There is a limitation in this study that should be addressed. It must be noted that isokinetic dynamometer evaluates the net torque (output) of force of knee flexion and extension, not exactly the moment of hamstring or quadriceps muscles create.
The main finding of this research is that there are different degrees of changes in CSR, DCR and FSR following the 11+ and HarmoKnee programs. The 11+ showed significant improvement in CSR and FSR, but the HarmoKnee program did not demonstrate any improvement. Interestingly CSR in both programs showed the greatest increase in strength at slow speed (60°.s−1) than at fast speed (300°.s−1). This study also revealed that the changes gained in all the three ratios following the 11+ and HarmoKnee programs did not differ between the dominant or non-dominant leg. Further emphasis on certain exercises to improve the ratios or new additions of exercises may help to enrich the two injury prevention programs.
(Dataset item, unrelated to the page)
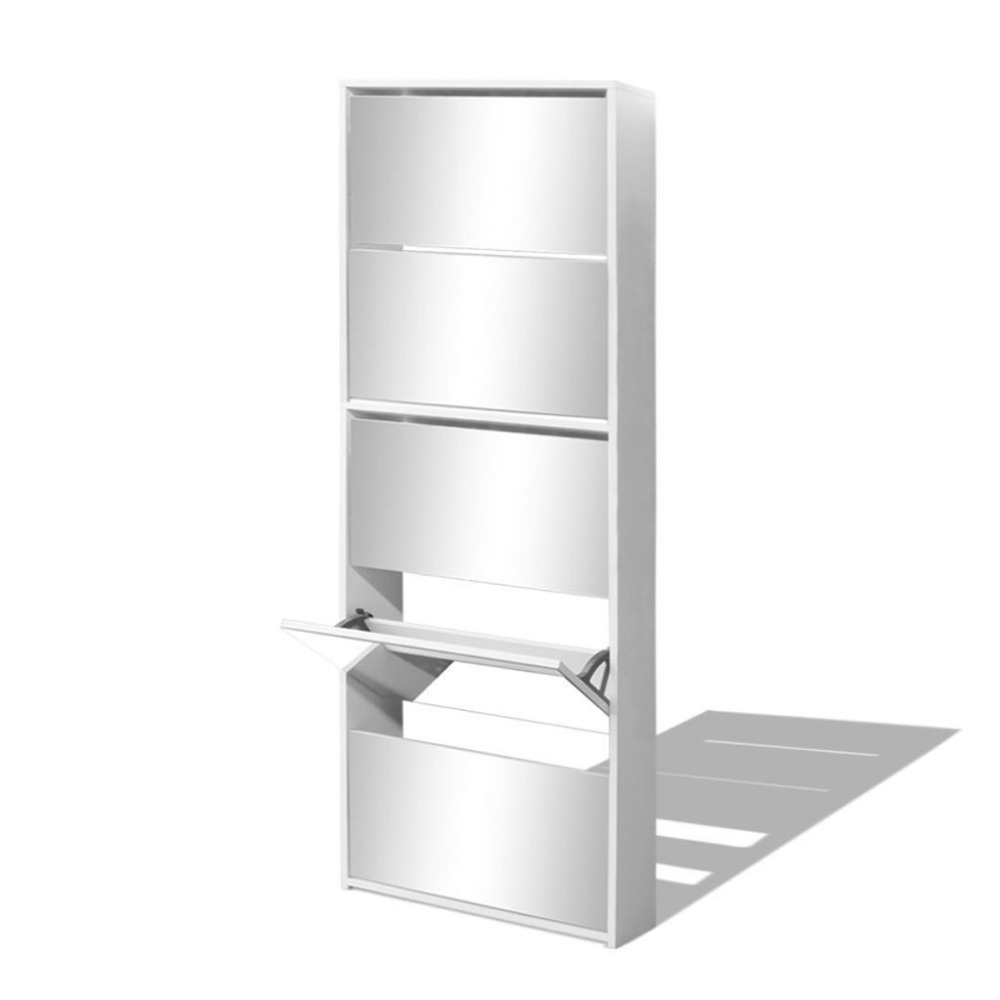 Modern White 5 Layer Storage Hallway Mirror Shoe Cabinet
What does this Article Add?
Most professional young soccer players have higher predisposition of getting knee injuries. In comparison the FIFA 11+ program seems to show better improvement in CSR and FSR than the HarmoKnee program in the non-dominant leg. Both programs are lacking in exercise components that would improve hamstring strength which in turn would improve the balance in CSR and DCR. Measurement of CSR at low speed (60°.s−1) would allow a comprehensive assessment of CSR.